--- DATASET RECORDS ---

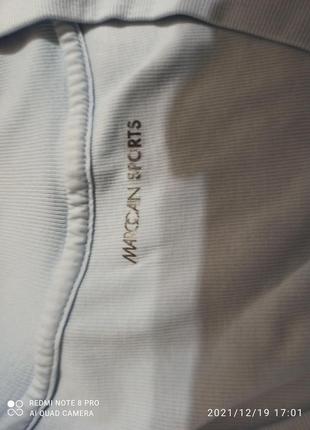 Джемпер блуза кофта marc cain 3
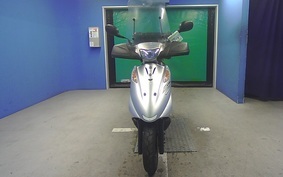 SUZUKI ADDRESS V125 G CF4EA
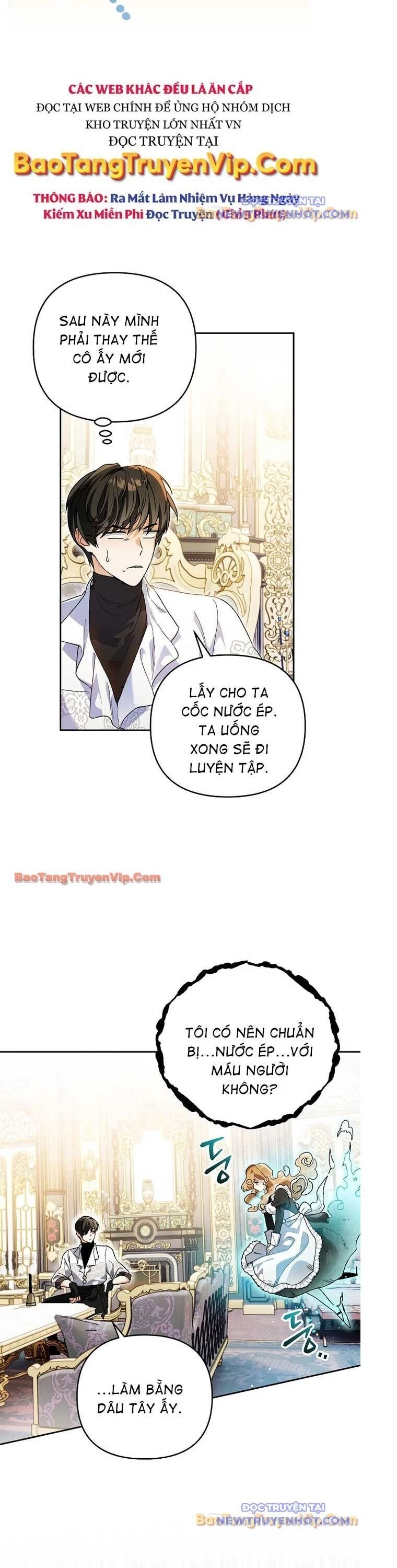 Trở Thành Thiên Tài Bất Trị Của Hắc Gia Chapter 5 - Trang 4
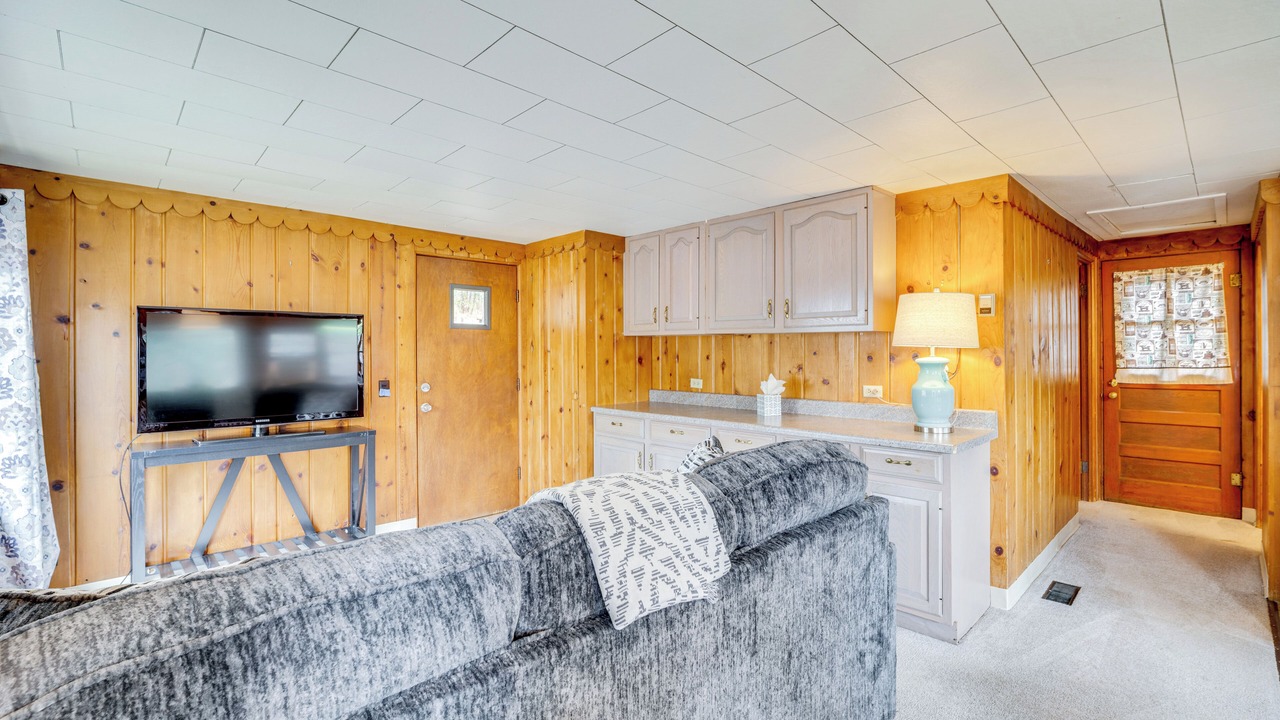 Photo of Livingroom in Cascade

---
--- DATASET RECORDS ---

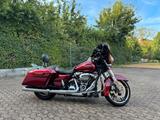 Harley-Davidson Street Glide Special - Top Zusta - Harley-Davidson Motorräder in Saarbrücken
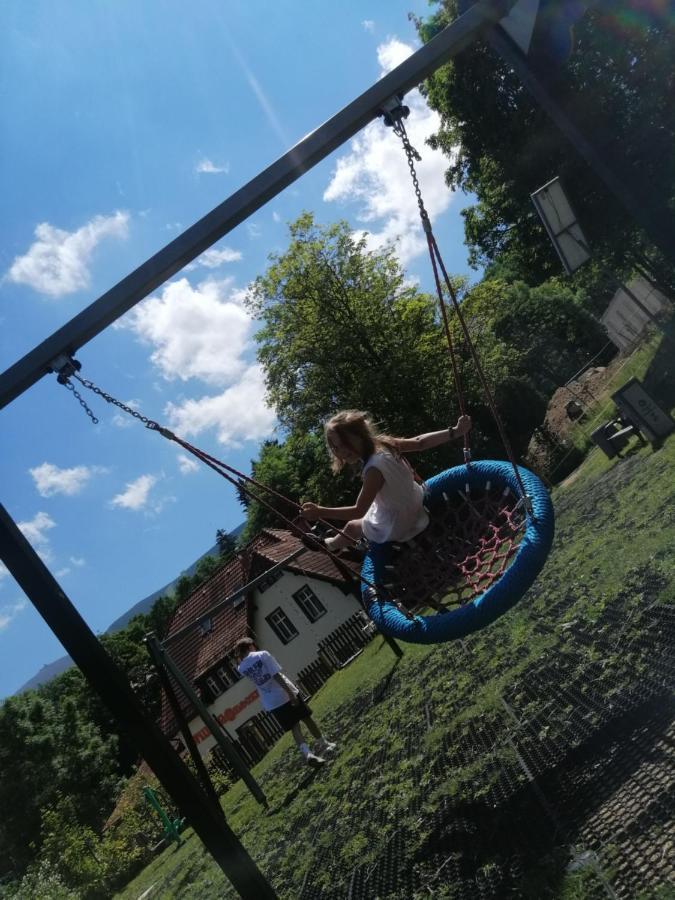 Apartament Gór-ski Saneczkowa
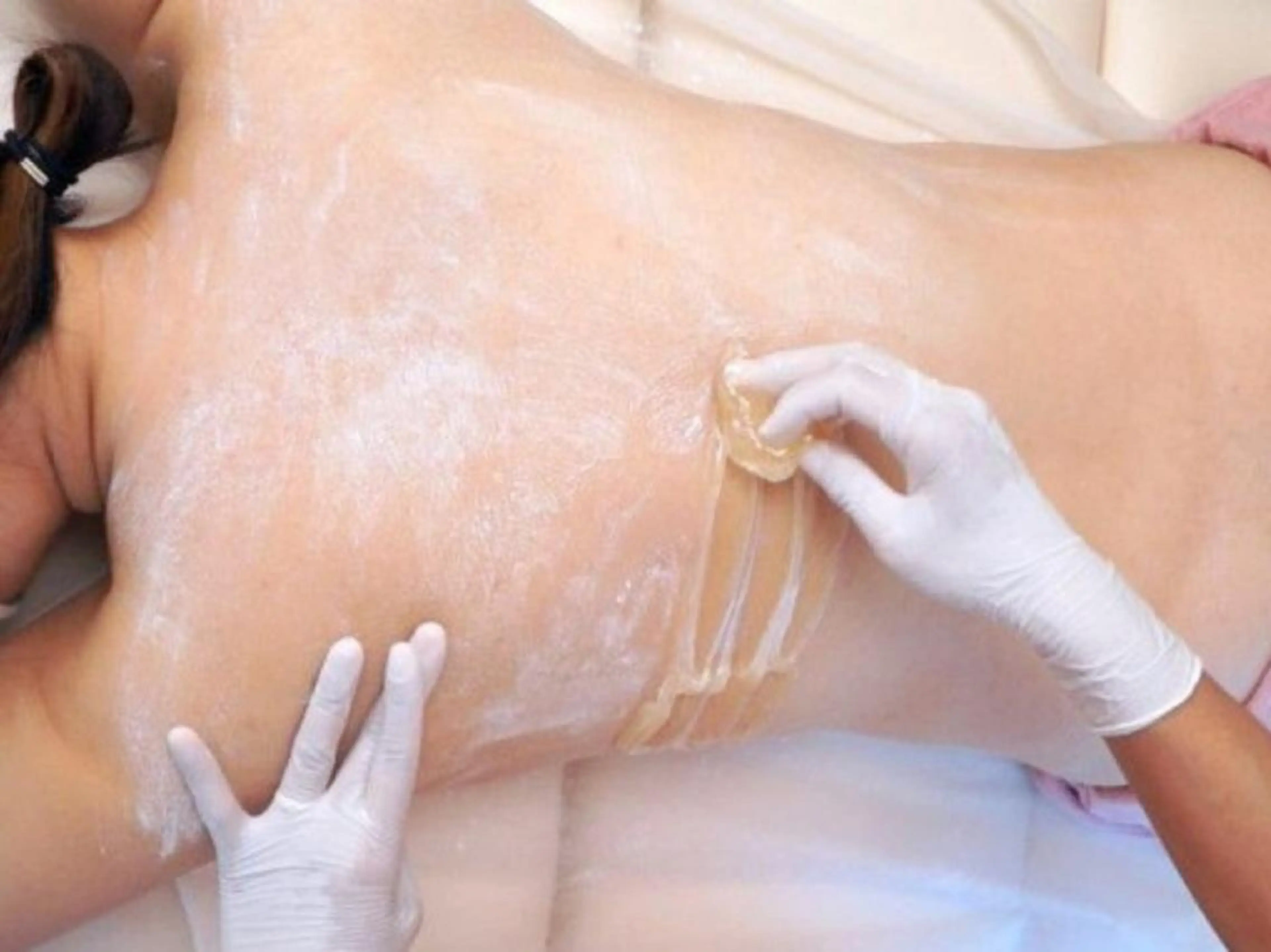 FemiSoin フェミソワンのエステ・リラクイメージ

---

In the listing above, find the line with "Джемпер блуза кофта marc cain 3" and the line with "Photo of Livingroom in Cascade". Output both, plus every line between them, and no pictures.

ANSWER SPACE
 Джемпер блуза кофта marc cain 3
 SUZUKI ADDRESS V125 G CF4EA
 Trở Thành Thiên Tài Bất Trị Của Hắc Gia Chapter 5 - Trang 4
 Photo of Livingroom in Cascade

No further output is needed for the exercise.